Captioned web image data:
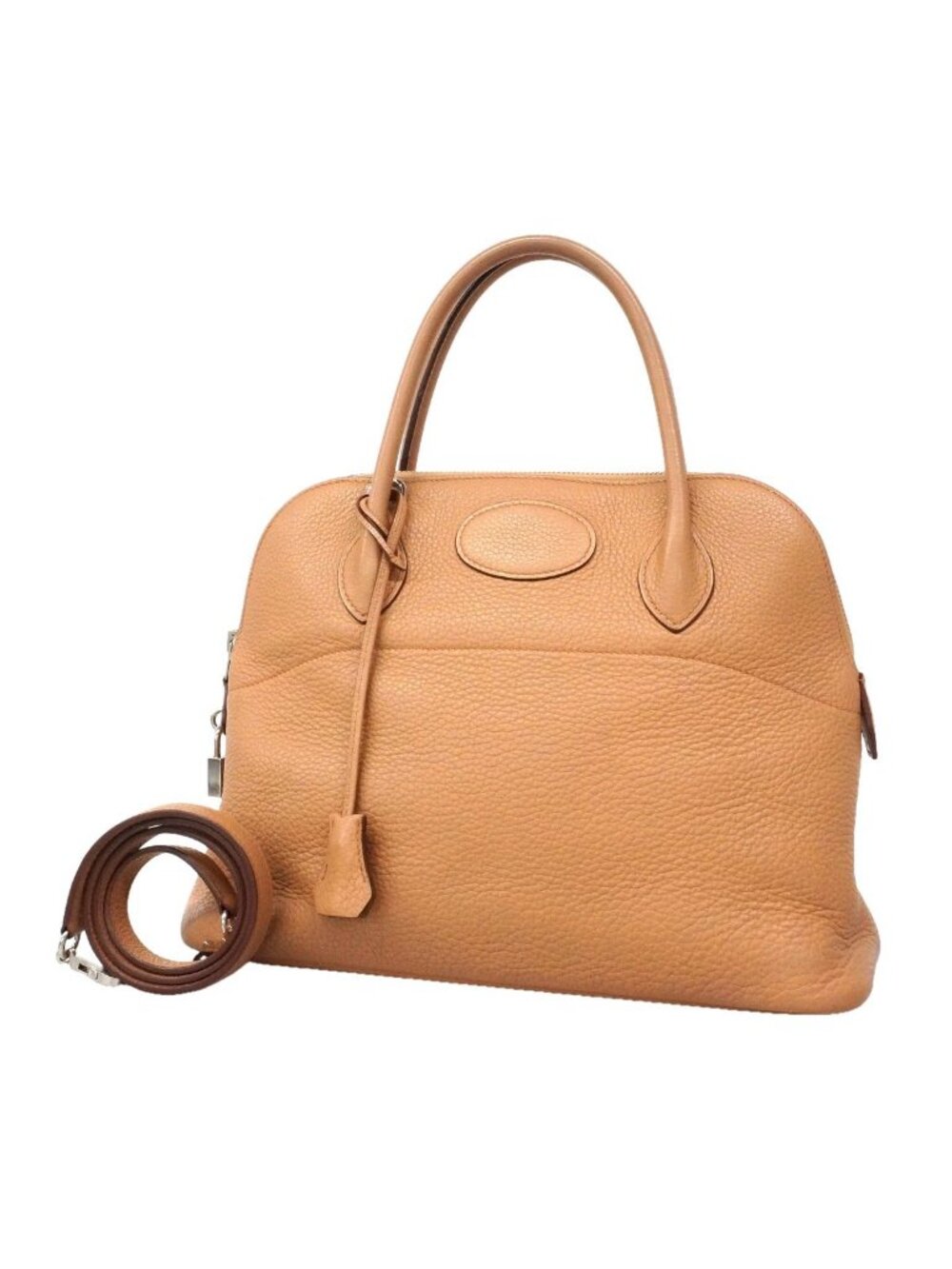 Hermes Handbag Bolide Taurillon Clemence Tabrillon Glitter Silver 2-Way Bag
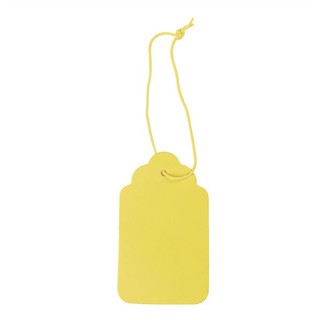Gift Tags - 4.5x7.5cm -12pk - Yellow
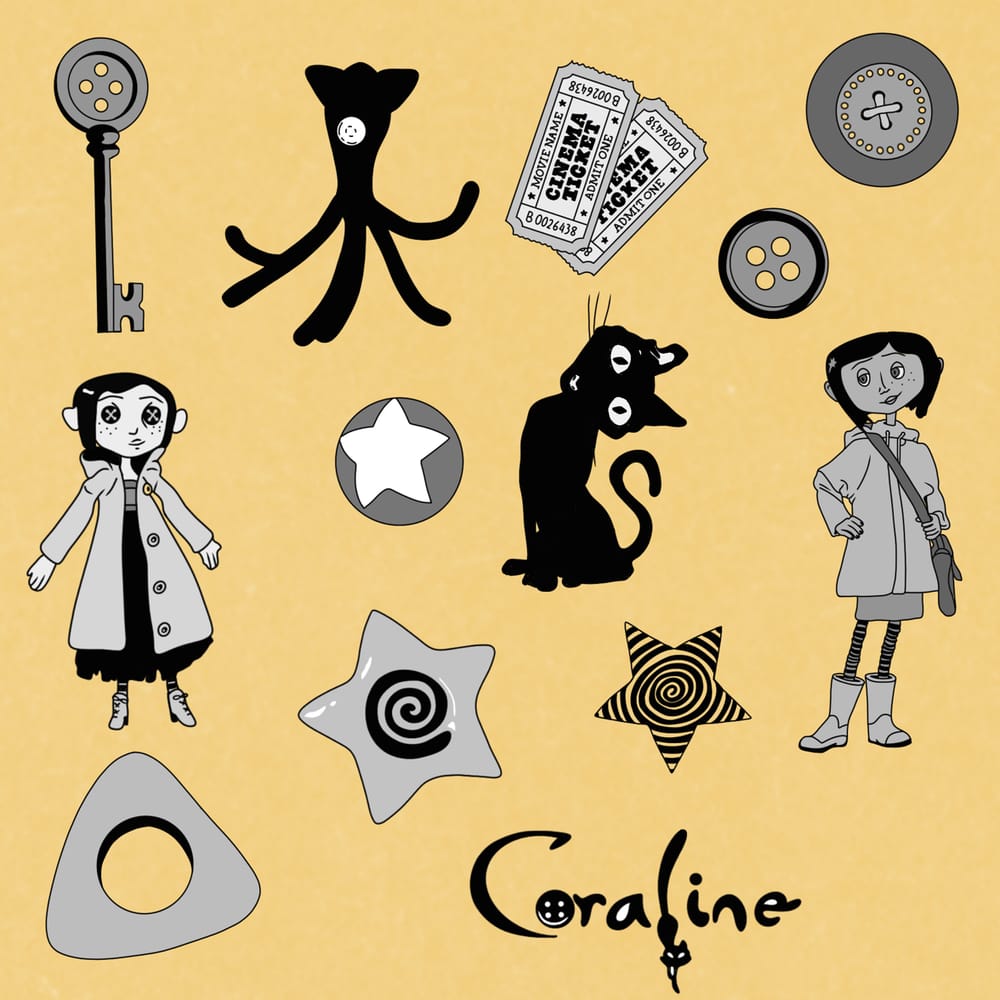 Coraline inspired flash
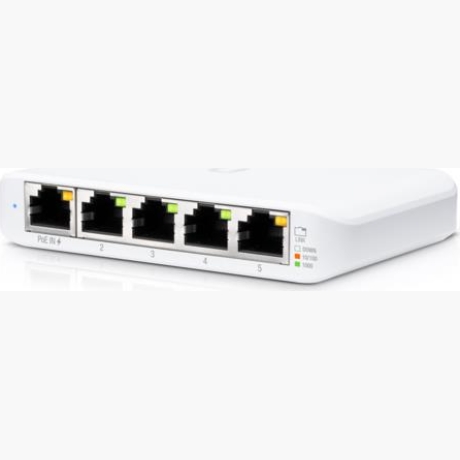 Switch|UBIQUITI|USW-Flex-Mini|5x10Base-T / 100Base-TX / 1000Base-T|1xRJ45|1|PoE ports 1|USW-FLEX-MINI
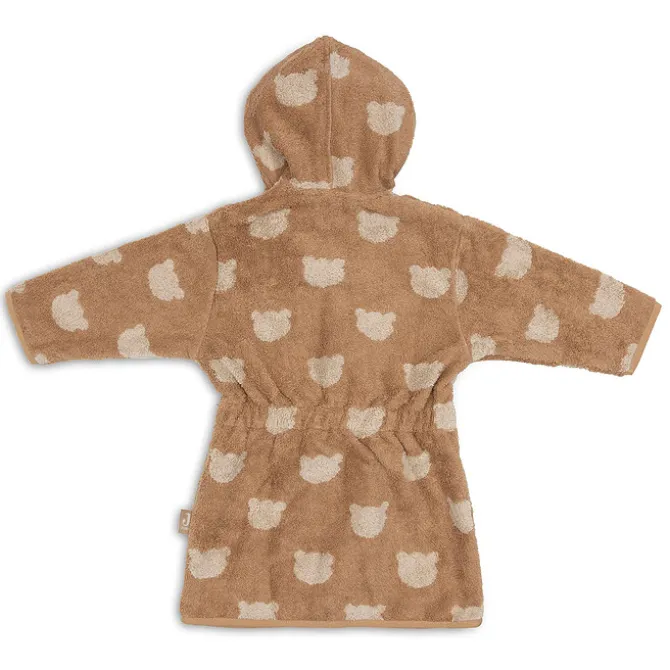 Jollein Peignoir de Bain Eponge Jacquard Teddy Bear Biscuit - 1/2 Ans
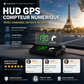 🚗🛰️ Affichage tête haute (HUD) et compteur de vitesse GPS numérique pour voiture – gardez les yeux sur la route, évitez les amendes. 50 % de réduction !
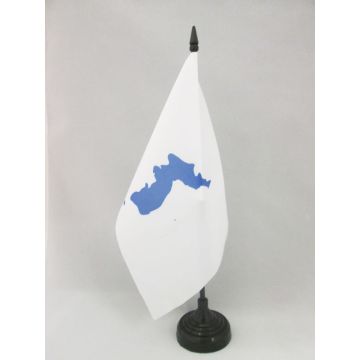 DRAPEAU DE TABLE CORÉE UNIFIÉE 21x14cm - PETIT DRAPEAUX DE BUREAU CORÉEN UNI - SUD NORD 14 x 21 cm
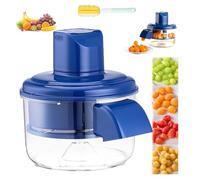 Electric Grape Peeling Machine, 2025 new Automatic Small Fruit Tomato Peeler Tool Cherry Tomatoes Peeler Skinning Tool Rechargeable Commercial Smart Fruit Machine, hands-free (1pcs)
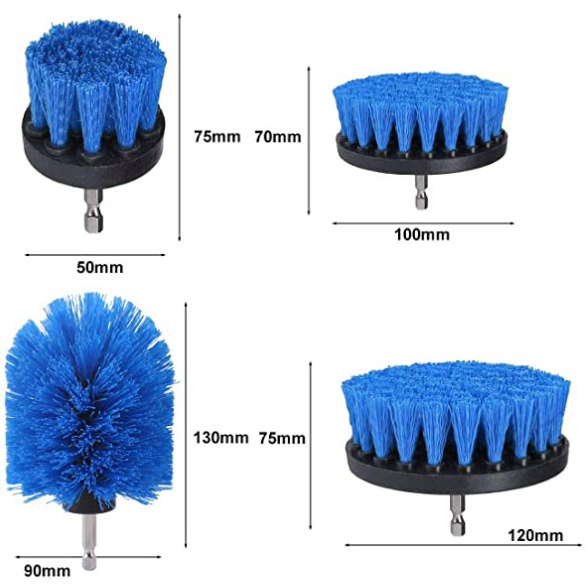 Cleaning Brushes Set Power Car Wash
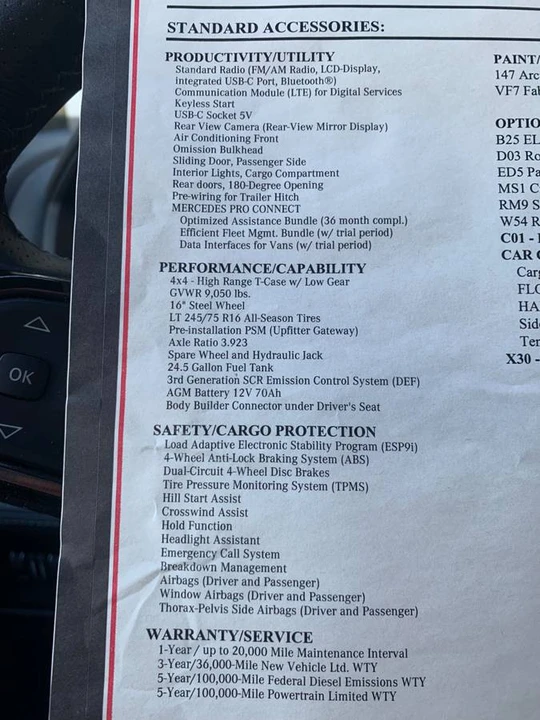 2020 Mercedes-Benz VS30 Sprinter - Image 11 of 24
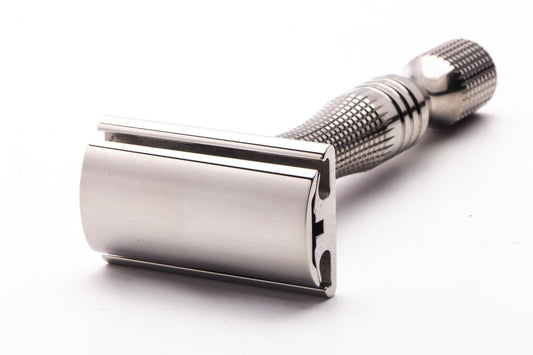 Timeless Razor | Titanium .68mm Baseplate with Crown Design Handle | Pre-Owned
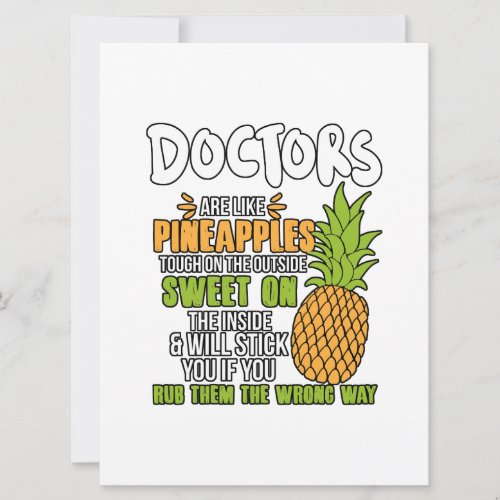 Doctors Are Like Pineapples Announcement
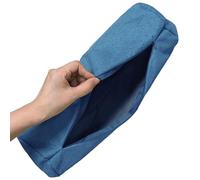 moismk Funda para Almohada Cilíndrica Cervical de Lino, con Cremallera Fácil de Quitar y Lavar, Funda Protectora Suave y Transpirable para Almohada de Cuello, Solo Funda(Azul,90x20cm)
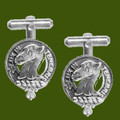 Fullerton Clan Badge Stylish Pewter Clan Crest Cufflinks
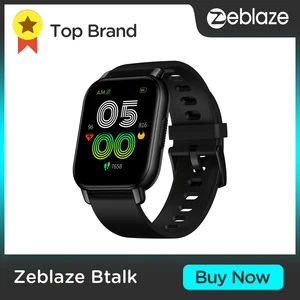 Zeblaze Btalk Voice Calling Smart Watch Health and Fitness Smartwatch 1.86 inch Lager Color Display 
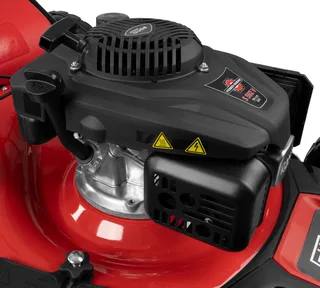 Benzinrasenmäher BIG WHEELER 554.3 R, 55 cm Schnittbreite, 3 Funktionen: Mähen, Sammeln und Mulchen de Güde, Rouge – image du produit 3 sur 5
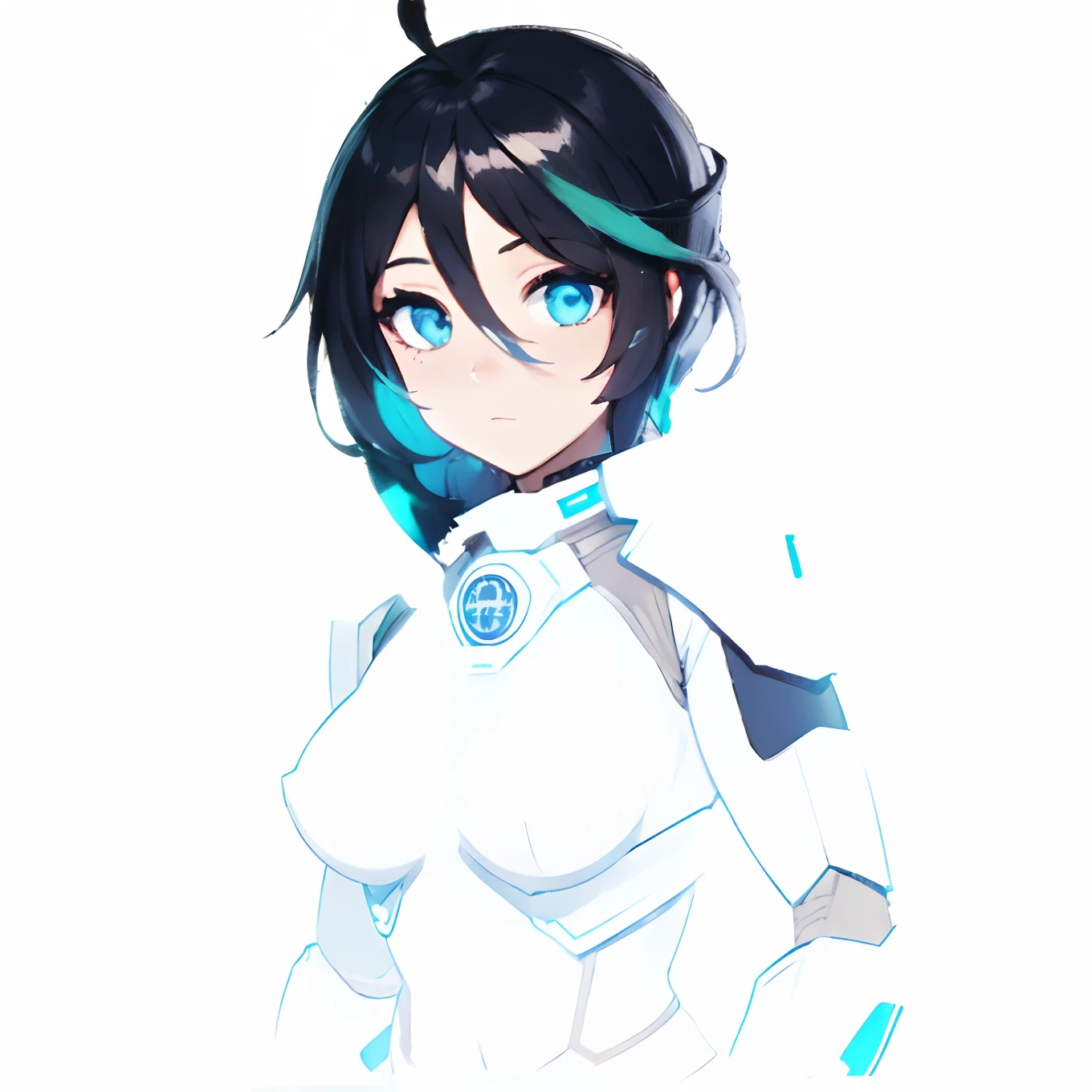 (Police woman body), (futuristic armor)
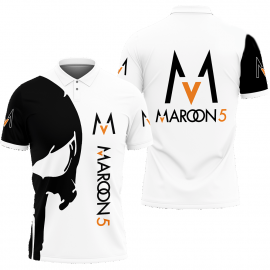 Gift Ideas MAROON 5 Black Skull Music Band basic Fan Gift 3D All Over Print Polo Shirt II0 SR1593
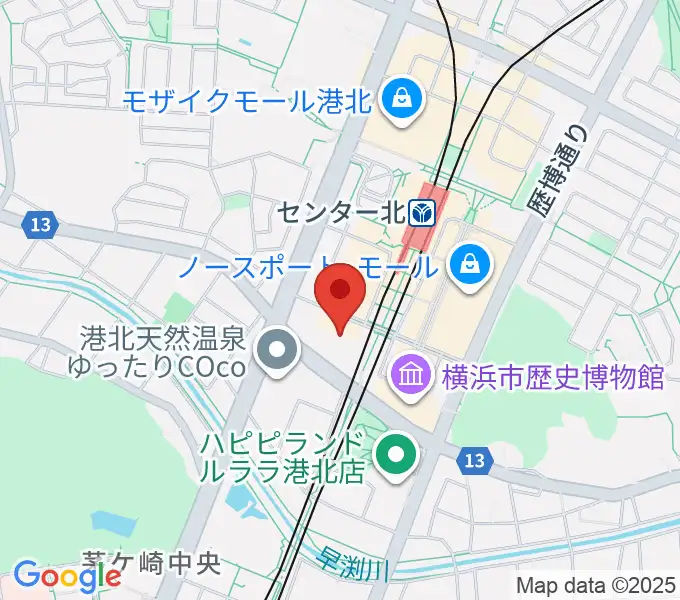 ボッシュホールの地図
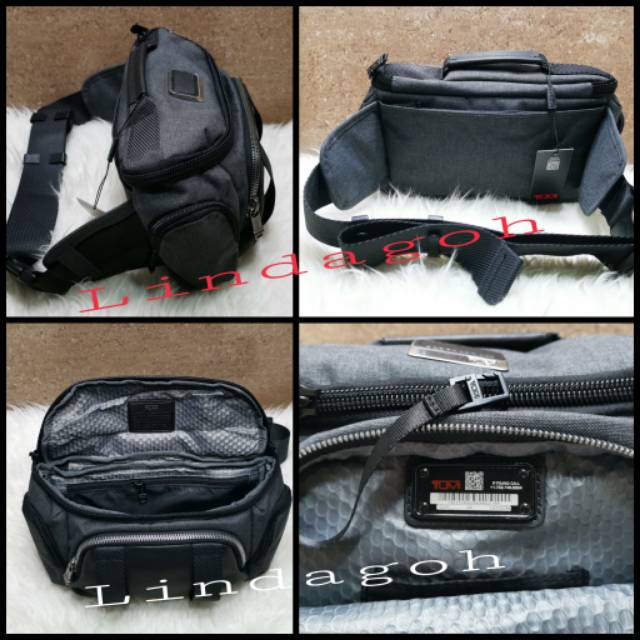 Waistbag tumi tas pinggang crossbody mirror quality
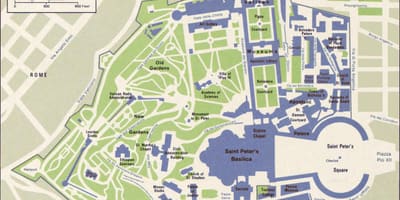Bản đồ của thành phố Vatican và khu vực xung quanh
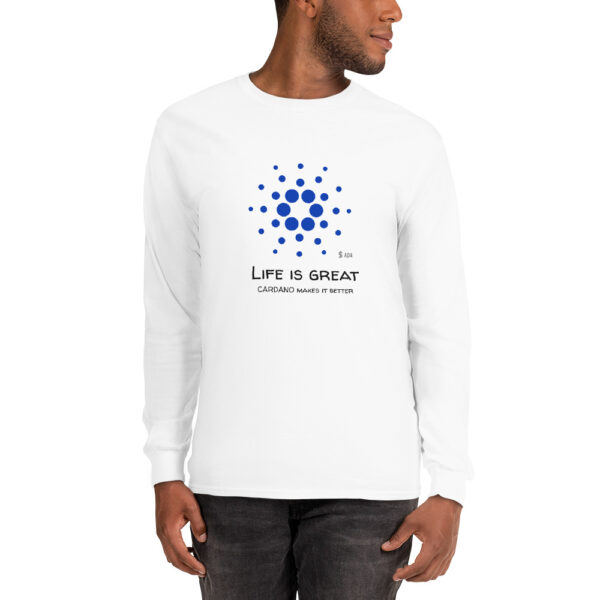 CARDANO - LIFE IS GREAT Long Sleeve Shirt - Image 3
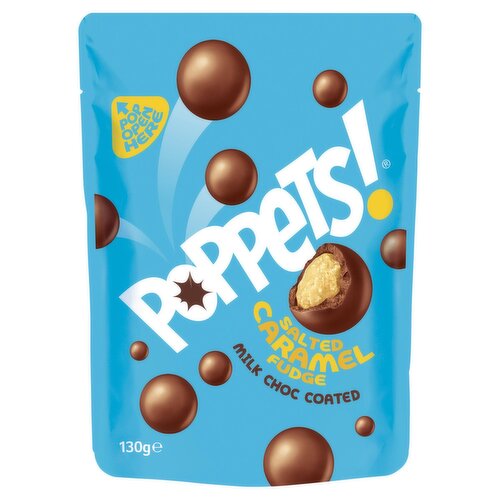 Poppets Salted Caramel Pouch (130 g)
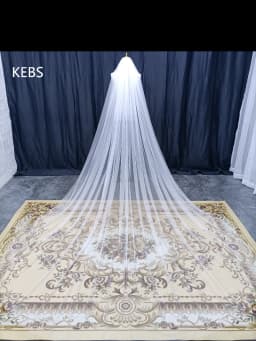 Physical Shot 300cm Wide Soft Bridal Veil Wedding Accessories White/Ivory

PROBLEM TO WORK ON: Print exactly, with no pictures, the lines above from the one that holds "Switch|UBIQUITI|USW-Flex-Mini|5x10Base-T / 100Base-TX" through the one that holds "Jollein Peignoir de", both of them included.

RESPONSE FOR THIS EXERCISE:
 Switch|UBIQUITI|USW-Flex-Mini|5x10Base-T / 100Base-TX / 1000Base-T|1xRJ45|1|PoE ports 1|USW-FLEX-MINI
 Jollein Peignoir de Bain Eponge Jacquard Teddy Bear Biscuit - 1/2 Ans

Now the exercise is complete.